Or does the button rifling process induce stresses that we can't trust can ever be removed ? I would consider this a fundamental question that needs to be properly researched ?
It's a known fact that it is a variable that cannot be completely controlled and again it cannot be measured as far as just stress relieving as well as the heat lots of steel will be a variable as well. The only thing you can do as a test to see how much they change etc....is to make say 10 barrels in the same caliber and preferably out of the same lot. In each batch of 10 barrels make several different contours as well. Say 10pcs. of a #2 sporter contour, 10pcs. of say a med. palma contour, 10pcs. of a heavy varmint contour and 10pcs. of say 1.250" str. blanks. You would have to measure the bores before stress relieving, then after they are stress relieved to see if any changes and then after each barrel gets contoured and recheck them again.

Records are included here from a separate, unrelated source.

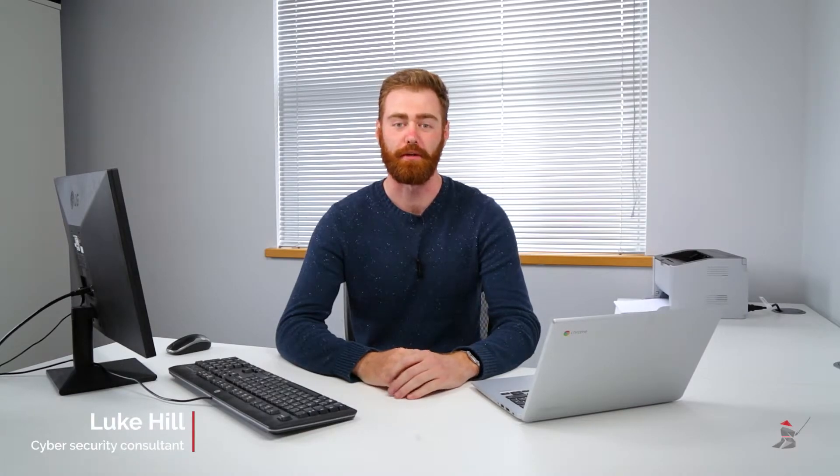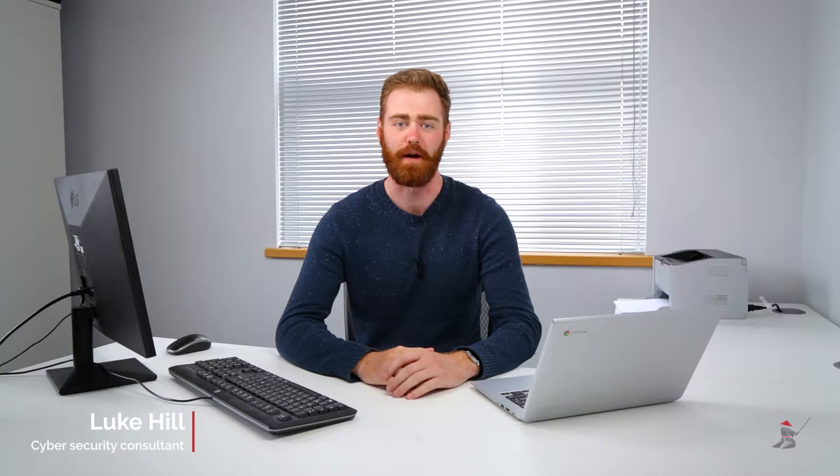Hi, I'm Luke. I'm a cybersecurity consultant at Samurai Digital Security, and I'm here today to talk to you about incident response and how you can protect your business.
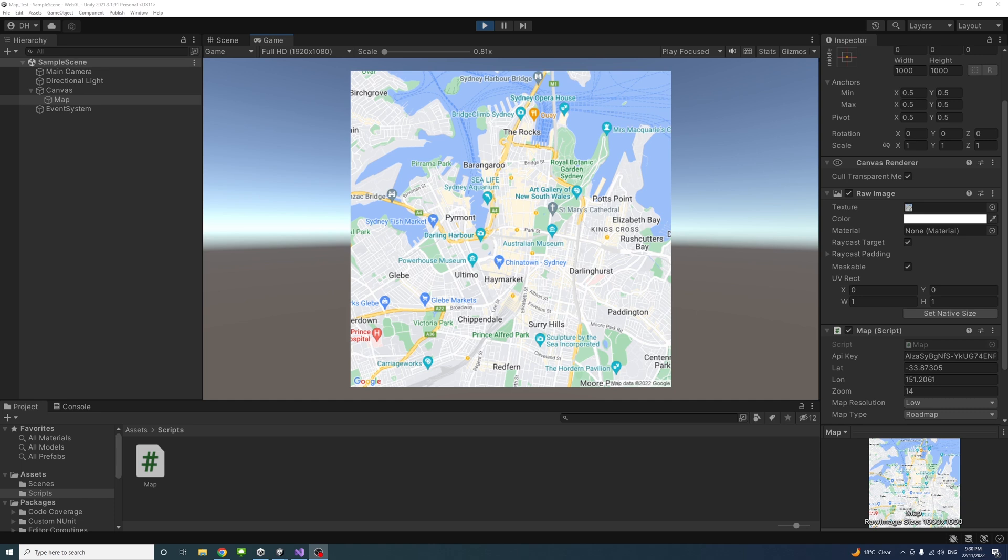This video shows a simple way to include Google Maps in a Unity app or game using Google Maps API. The map works in Unity editor and on the web when publishing to Unity WebGL and other platforms.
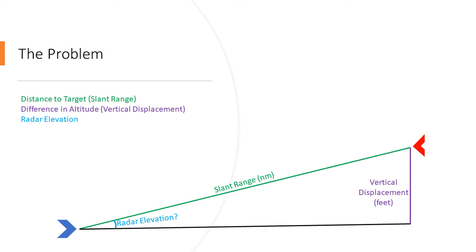So the distance to the target is the green line here, the hypotenuse of the triangle, and that's known in radar terminology as the slant range. The purple line is the vertical displacement, and that is the difference—when we get to the examples this will make more sense—but that's the difference between your altitude and their altitude.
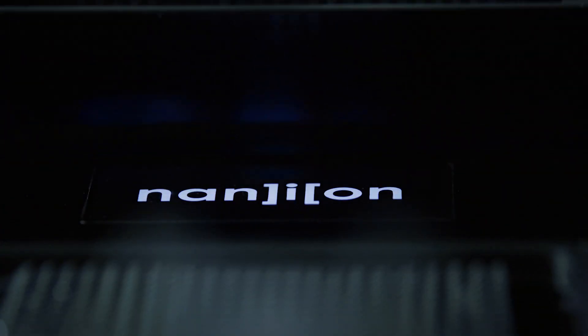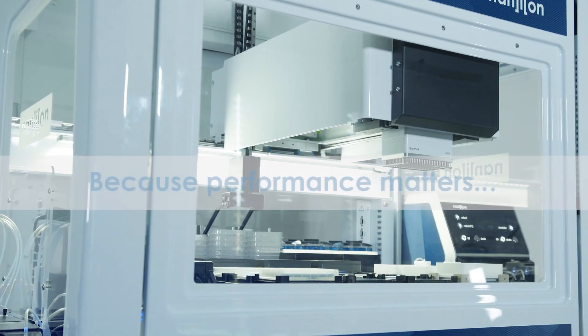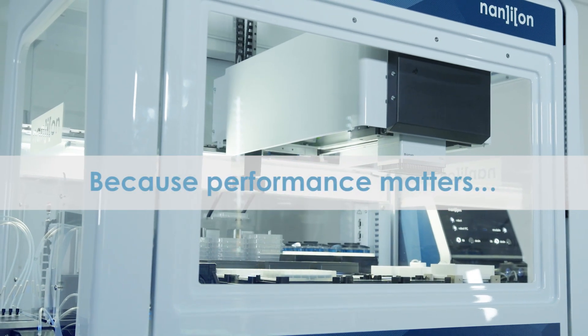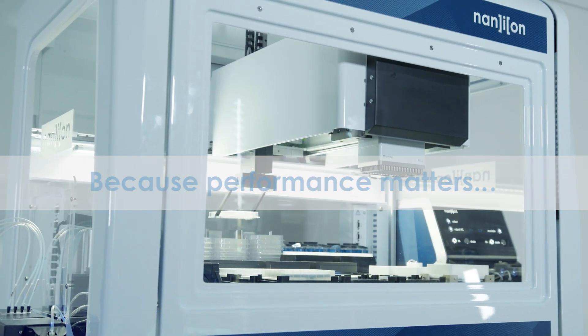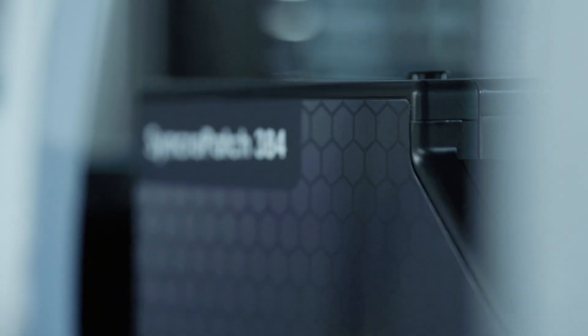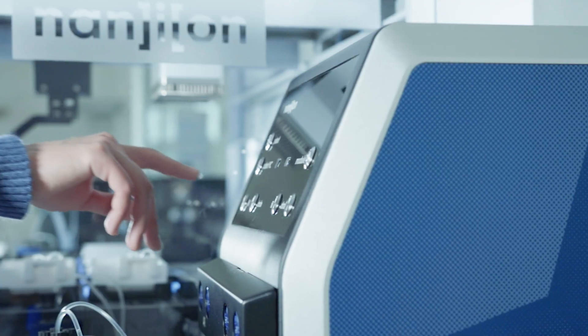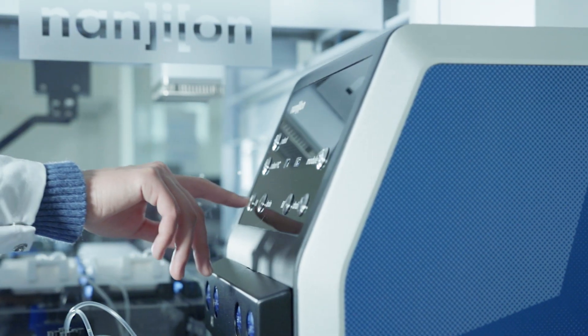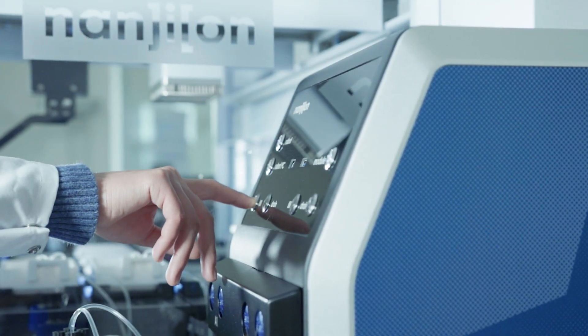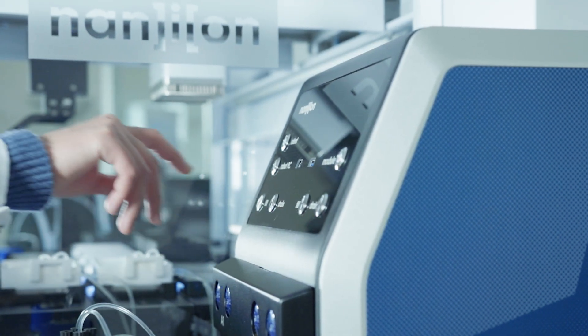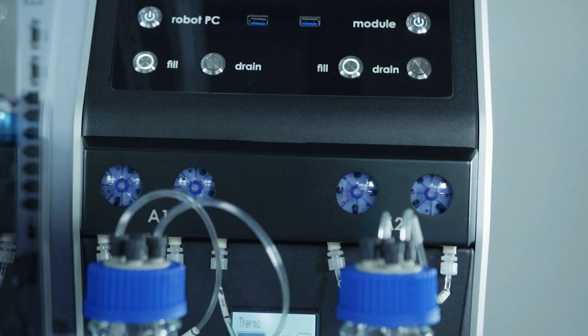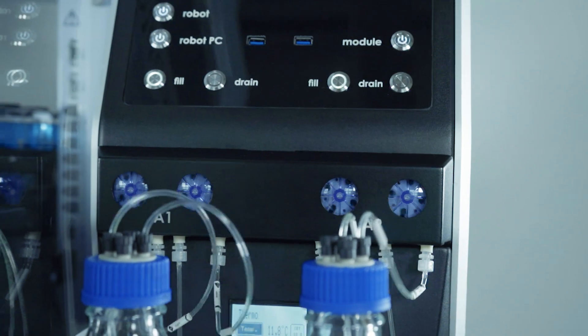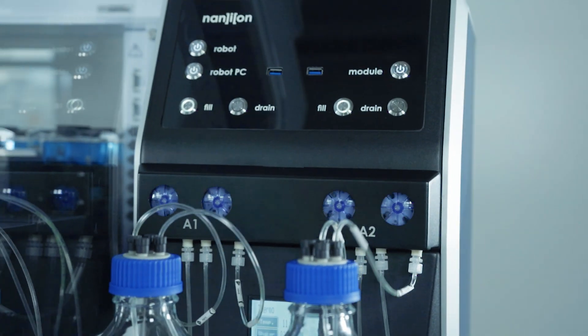We love the new Syncopatch 384, here's why. We have listened to the latest demands from industry and taken onboard feedback from our users to bring you our most innovative automated patch clamp device yet.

And re dimensional uniformity and straightness is a profiled and unfired cut rifled barrel any better than a button rifled one ? Not sure how you are/what you are asking here. If you are asking if cut rifled barrels are dimensionally more uniform then a button barrel? I will say yes. Weather it's been fired or not on a average basis. Could a cut rifle barrel change? Sure as you are dealing with the steel being a variable. What I've always seen is and as well as feed back I get from ammunition makers that we make test barrels for is the cut rifled barrels are more consistent in uniformity from one barrel to the next vs. a button barrel.

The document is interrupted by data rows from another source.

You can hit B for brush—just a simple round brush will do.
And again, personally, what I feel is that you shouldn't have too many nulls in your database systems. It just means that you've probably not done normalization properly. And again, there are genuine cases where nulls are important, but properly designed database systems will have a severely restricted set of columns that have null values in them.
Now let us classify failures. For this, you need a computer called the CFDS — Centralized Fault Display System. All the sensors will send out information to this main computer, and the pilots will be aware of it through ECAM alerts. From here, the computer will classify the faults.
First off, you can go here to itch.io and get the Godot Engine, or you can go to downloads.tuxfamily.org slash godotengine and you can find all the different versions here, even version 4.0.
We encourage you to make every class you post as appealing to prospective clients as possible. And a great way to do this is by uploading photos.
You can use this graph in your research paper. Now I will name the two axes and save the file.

Hope that helps in answering your questions.

Later, Frank

Frank Green
Posts: 207
Joined: Wed May 28, 2014 11:48 pm

Re: Newby question about barrels

#18 Postby Frank Green » Wed Oct 04, 2017 12:05 am

Gyro wrote:BTW Frank I don't wish to drag u into a cut Vs button debate. You have been good enough to provide a bunch of good information here. My current buttoned barrel seems to be going well such that when it doesn't i can be very sure it's me ! Regards Rob.


No problem Rob! So no worries and no offense taken.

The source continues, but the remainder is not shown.